RECORDS TO PROCESS:
----

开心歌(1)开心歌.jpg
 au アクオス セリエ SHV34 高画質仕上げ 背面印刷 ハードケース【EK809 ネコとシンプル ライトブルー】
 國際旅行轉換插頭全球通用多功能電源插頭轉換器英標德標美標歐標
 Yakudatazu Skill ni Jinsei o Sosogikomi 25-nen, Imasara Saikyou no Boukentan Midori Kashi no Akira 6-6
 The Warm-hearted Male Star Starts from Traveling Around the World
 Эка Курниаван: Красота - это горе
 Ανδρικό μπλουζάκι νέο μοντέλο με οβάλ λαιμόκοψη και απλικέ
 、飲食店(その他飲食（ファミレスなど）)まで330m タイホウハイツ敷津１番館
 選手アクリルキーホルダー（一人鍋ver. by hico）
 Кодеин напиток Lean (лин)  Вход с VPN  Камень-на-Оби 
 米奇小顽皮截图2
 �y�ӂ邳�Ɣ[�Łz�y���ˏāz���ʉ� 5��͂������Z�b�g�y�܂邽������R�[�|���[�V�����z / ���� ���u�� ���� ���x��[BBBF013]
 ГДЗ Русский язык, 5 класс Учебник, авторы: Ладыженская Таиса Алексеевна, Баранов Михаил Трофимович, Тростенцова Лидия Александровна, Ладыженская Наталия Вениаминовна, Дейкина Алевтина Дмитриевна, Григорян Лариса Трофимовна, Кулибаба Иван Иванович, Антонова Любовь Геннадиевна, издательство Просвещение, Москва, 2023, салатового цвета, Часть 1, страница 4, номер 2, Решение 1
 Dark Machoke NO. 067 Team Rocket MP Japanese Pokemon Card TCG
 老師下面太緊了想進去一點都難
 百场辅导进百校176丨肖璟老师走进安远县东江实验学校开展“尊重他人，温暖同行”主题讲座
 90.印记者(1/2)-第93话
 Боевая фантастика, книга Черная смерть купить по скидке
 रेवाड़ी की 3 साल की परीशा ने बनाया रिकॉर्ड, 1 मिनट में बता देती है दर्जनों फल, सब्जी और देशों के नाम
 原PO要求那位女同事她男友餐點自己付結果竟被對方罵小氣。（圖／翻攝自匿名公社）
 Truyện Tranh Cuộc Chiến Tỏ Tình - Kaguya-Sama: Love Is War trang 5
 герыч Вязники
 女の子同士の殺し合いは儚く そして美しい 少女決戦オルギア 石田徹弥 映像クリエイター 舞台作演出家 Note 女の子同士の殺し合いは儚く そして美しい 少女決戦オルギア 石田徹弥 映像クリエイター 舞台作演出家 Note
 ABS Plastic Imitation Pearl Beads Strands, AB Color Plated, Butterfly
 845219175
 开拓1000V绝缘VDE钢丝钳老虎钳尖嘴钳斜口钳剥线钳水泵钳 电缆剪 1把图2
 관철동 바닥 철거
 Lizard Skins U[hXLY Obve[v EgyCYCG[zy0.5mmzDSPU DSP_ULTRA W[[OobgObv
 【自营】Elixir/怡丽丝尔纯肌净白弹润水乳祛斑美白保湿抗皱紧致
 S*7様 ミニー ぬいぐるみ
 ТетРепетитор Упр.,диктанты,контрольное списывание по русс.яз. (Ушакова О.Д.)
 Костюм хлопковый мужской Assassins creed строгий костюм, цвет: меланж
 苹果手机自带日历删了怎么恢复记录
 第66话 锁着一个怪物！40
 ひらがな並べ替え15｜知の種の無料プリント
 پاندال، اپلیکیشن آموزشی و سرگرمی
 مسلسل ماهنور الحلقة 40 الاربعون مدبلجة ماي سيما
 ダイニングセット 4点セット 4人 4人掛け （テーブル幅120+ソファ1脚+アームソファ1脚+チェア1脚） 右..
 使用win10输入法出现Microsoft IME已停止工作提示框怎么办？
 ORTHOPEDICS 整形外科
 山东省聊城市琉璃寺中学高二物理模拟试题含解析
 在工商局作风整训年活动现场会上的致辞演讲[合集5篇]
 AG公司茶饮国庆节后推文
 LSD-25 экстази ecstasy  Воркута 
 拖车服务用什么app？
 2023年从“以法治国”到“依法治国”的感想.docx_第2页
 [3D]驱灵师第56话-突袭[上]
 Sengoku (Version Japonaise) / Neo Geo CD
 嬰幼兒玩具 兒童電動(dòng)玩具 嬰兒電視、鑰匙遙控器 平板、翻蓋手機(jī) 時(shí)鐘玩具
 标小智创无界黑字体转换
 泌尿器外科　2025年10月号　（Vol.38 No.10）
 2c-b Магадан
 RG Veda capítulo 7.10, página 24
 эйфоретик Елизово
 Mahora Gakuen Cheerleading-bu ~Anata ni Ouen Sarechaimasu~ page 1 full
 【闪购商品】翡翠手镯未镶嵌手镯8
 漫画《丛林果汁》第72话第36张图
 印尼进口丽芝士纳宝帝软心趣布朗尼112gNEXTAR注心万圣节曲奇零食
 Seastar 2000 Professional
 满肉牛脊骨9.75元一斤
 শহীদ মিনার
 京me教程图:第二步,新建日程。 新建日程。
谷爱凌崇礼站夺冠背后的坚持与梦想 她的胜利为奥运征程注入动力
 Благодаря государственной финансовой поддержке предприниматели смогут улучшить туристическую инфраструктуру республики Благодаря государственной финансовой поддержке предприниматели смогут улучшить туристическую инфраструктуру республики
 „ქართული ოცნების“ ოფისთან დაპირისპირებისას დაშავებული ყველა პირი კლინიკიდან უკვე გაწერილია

----

WORK INSTRUCTIONS:
Write the listing out again so that nothing in it differs from the original.

RESULT FOR THIS TASK:
开心歌(1)开心歌.jpg
 au アクオス セリエ SHV34 高画質仕上げ 背面印刷 ハードケース【EK809 ネコとシンプル ライトブルー】
 國際旅行轉換插頭全球通用多功能電源插頭轉換器英標德標美標歐標
 Yakudatazu Skill ni Jinsei o Sosogikomi 25-nen, Imasara Saikyou no Boukentan Midori Kashi no Akira 6-6
 The Warm-hearted Male Star Starts from Traveling Around the World
 Эка Курниаван: Красота - это горе
 Ανδρικό μπλουζάκι νέο μοντέλο με οβάλ λαιμόκοψη και απλικέ
 、飲食店(その他飲食（ファミレスなど）)まで330m タイホウハイツ敷津１番館
 選手アクリルキーホルダー（一人鍋ver. by hico）
 Кодеин напиток Lean (лин)  Вход с VPN  Камень-на-Оби 
 米奇小顽皮截图2
 �y�ӂ邳�Ɣ[�Łz�y���ˏāz���ʉ� 5��͂������Z�b�g�y�܂邽������R�[�|���[�V�����z / ���� ���u�� ���� ���x��[BBBF013]
 ГДЗ Русский язык, 5 класс Учебник, авторы: Ладыженская Таиса Алексеевна, Баранов Михаил Трофимович, Тростенцова Лидия Александровна, Ладыженская Наталия Вениаминовна, Дейкина Алевтина Дмитриевна, Григорян Лариса Трофимовна, Кулибаба Иван Иванович, Антонова Любовь Геннадиевна, издательство Просвещение, Москва, 2023, салатового цвета, Часть 1, страница 4, номер 2, Решение 1
 Dark Machoke NO. 067 Team Rocket MP Japanese Pokemon Card TCG
 老師下面太緊了想進去一點都難
 百场辅导进百校176丨肖璟老师走进安远县东江实验学校开展“尊重他人，温暖同行”主题讲座
 90.印记者(1/2)-第93话
 Боевая фантастика, книга Черная смерть купить по скидке
 रेवाड़ी की 3 साल की परीशा ने बनाया रिकॉर्ड, 1 मिनट में बता देती है दर्जनों फल, सब्जी और देशों के नाम
 原PO要求那位女同事她男友餐點自己付結果竟被對方罵小氣。（圖／翻攝自匿名公社）
 Truyện Tranh Cuộc Chiến Tỏ Tình - Kaguya-Sama: Love Is War trang 5
 герыч Вязники
 女の子同士の殺し合いは儚く そして美しい 少女決戦オルギア 石田徹弥 映像クリエイター 舞台作演出家 Note 女の子同士の殺し合いは儚く そして美しい 少女決戦オルギア 石田徹弥 映像クリエイター 舞台作演出家 Note
 ABS Plastic Imitation Pearl Beads Strands, AB Color Plated, Butterfly
 845219175
 开拓1000V绝缘VDE钢丝钳老虎钳尖嘴钳斜口钳剥线钳水泵钳 电缆剪 1把图2
 관철동 바닥 철거
 Lizard Skins U[hXLY Obve[v EgyCYCG[zy0.5mmzDSPU DSP_ULTRA W[[OobgObv
 【自营】Elixir/怡丽丝尔纯肌净白弹润水乳祛斑美白保湿抗皱紧致
 S*7様 ミニー ぬいぐるみ
 ТетРепетитор Упр.,диктанты,контрольное списывание по русс.яз. (Ушакова О.Д.)
 Костюм хлопковый мужской Assassins creed строгий костюм, цвет: меланж
 苹果手机自带日历删了怎么恢复记录
 第66话 锁着一个怪物！40
 ひらがな並べ替え15｜知の種の無料プリント
 پاندال، اپلیکیشن آموزشی و سرگرمی
 مسلسل ماهنور الحلقة 40 الاربعون مدبلجة ماي سيما
 ダイニングセット 4点セット 4人 4人掛け （テーブル幅120+ソファ1脚+アームソファ1脚+チェア1脚） 右..
 使用win10输入法出现Microsoft IME已停止工作提示框怎么办？
 ORTHOPEDICS 整形外科
 山东省聊城市琉璃寺中学高二物理模拟试题含解析
 在工商局作风整训年活动现场会上的致辞演讲[合集5篇]
 AG公司茶饮国庆节后推文
 LSD-25 экстази ecstasy  Воркута 
 拖车服务用什么app？
 2023年从“以法治国”到“依法治国”的感想.docx_第2页
 [3D]驱灵师第56话-突袭[上]
 Sengoku (Version Japonaise) / Neo Geo CD
 嬰幼兒玩具 兒童電動(dòng)玩具 嬰兒電視、鑰匙遙控器 平板、翻蓋手機(jī) 時(shí)鐘玩具
 标小智创无界黑字体转换
 泌尿器外科　2025年10月号　（Vol.38 No.10）
 2c-b Магадан
 RG Veda capítulo 7.10, página 24
 эйфоретик Елизово
 Mahora Gakuen Cheerleading-bu ~Anata ni Ouen Sarechaimasu~ page 1 full
 【闪购商品】翡翠手镯未镶嵌手镯8
 漫画《丛林果汁》第72话第36张图
 印尼进口丽芝士纳宝帝软心趣布朗尼112gNEXTAR注心万圣节曲奇零食
 Seastar 2000 Professional
 满肉牛脊骨9.75元一斤
 শহীদ মিনার
 京me教程图:第二步,新建日程。 新建日程。
谷爱凌崇礼站夺冠背后的坚持与梦想 她的胜利为奥运征程注入动力
 Благодаря государственной финансовой поддержке предприниматели смогут улучшить туристическую инфраструктуру республики Благодаря государственной финансовой поддержке предприниматели смогут улучшить туристическую инфраструктуру республики
 „ქართული ოცნების“ ოფისთან დაპირისპირებისას დაშავებული ყველა პირი კლინიკიდან უკვე გაწერილია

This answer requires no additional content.